The Good Left Undone(59)


“Evidently you did.” Olimpio kissed her forehead. “You’re going to kill me.”

“Before I do, get me out of here. You know that hospitals aren’t a good place for healthy people.”

Anina and Olimpio looked at each other.

“I know you think it’s funny,” Matelda said, “but I’m serious. There are more germs here than there are in the train station.”

The nurse entered with a rolling cart of machines to check Matelda’s vitals. “I’m sorry; if you’ll step outside, I will check Signora.”

“I’ll stay,” Anina offered.

“Get out,” Matelda ordered. “Allow the nurse to gather her numbers. The sooner you leave and she can poke and prod, the sooner I can go home where I belong.”

Olimpio and Anina stepped out into the hallway.

“She’s going to be fine,” Anina said nervously.

Olimpio nodded in agreement, but he wasn’t confident his granddaughter was right. This wasn’t the first time Matelda’s heart problem had brought her to the hospital, but it was the first time anyone else in the family besides Olimpio knew about it.



* * *





Nicolina jumped into the car on the passenger side as Giorgio started the engine. She yanked the seat belt across her chest for the ride from Lucca to Viareggio.

“Take it easy, Nic.”

“I’m going to kill both of them.”

Giorgio took his wife by the hand. “Stop it.”
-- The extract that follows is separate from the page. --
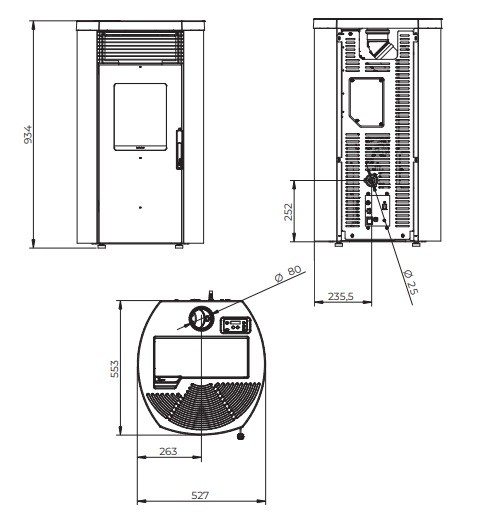 Pelletofen Royal Rondine Air 60 US 6 kW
“How can they do this to me? They call me for every little thing except when it’s life-or-death.” Nicolina yanked her hand away from her husband’s like a petulant child. “Thank God Anina was with her or I would know nothing. My father is secretive and my mother thinks she’s immortal. Those two are in their own little world, the devoted lovebirds. Leaving the rest of us out until there’s a crisis.”

“Maybe they didn’t want to upset you,” Giorgio offered.
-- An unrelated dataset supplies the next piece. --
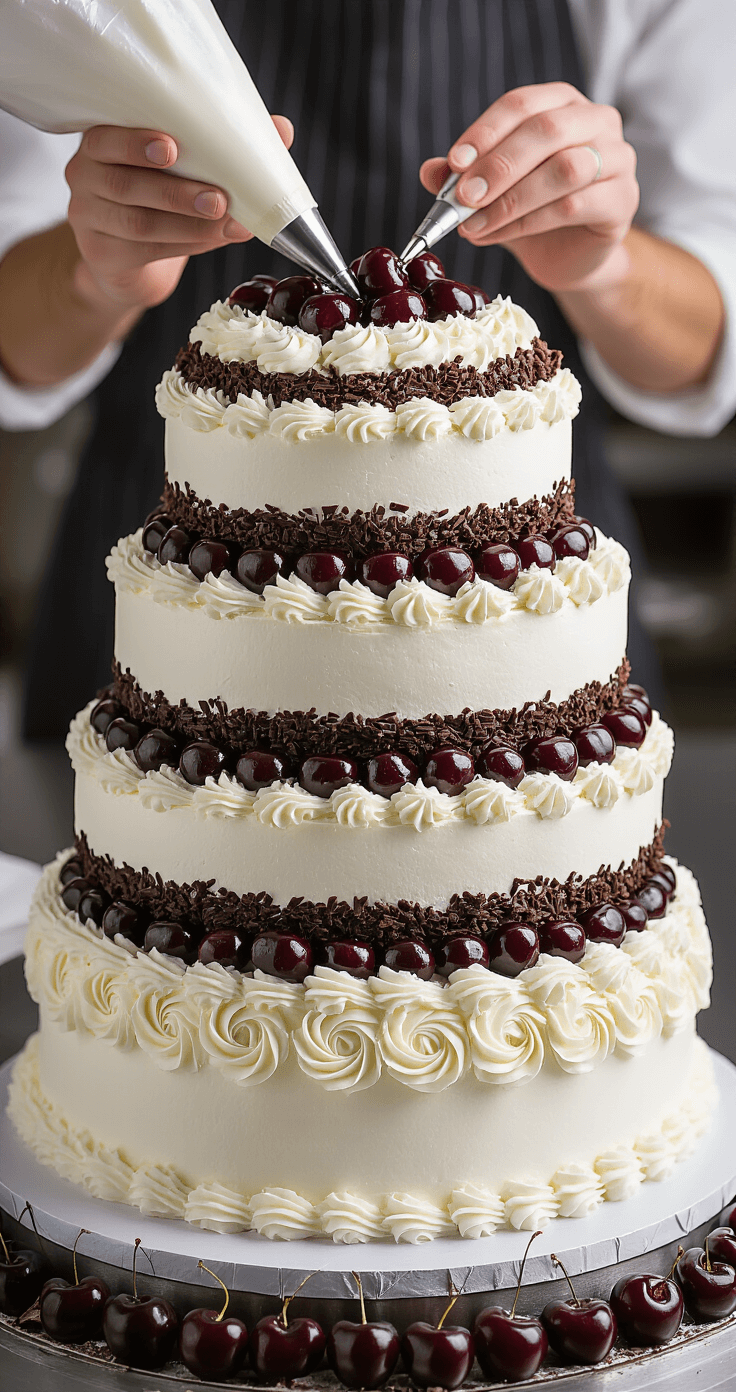 Black Forest Wedding Cake: The Ultimate German Dessert Masterpiece A close-up of a three-tiered Black Forest wedding cake being assembled, with dark cherries and whipped cream, as a baker decorates the edge with rosettes using a piping bag, and silver cake dowels are partially visible.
“If they told me things as they unfold, I wouldn’t be upset. I could prepare. I hear things after the fact. It’s rude. My mother had a ministroke last year and my father never told me. I heard in the street. Ida Casciacarro stopped me at Ennico’s.”
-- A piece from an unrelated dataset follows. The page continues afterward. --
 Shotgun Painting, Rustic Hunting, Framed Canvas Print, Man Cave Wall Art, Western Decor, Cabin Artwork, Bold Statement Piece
“There was no permanent damage.”

“That’s not an excuse to withhold information. Besides, how would they know if she didn’t suffer from permanent damage? Who did the tests? Where are the results?”

“I’m not a doctor. I’m telling you what your father told me.”

“So nobody knows anything.”

“She has a weak heart. That’s the diagnosis.”

“There were decisions made, and I was left out of the mix entirely. I should have known about this. I should know what’s going on,” Nicolina cried. “I’m her only daughter.”

“Nic, your family has a problem. When people get sick, they have no compassion. They get angry—as if someone gets sick to irritate them.”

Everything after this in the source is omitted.